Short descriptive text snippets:
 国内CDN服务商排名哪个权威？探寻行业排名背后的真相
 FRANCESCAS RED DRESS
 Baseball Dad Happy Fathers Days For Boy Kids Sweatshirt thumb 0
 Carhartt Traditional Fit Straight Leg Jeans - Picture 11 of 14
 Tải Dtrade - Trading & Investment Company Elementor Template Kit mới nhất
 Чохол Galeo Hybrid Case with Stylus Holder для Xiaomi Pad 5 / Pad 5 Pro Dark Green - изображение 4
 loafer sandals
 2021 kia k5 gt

* EXERCISE:
Only the lines from the one holding "Carhartt Traditional Fit" through the end of the records should appear in the answer, each repeated exactly.

* OUTPUT FOR THIS EXERCISE:
 Carhartt Traditional Fit Straight Leg Jeans - Picture 11 of 14
 Tải Dtrade - Trading & Investment Company Elementor Template Kit mới nhất
 Чохол Galeo Hybrid Case with Stylus Holder для Xiaomi Pad 5 / Pad 5 Pro Dark Green - изображение 4
 loafer sandals
 2021 kia k5 gt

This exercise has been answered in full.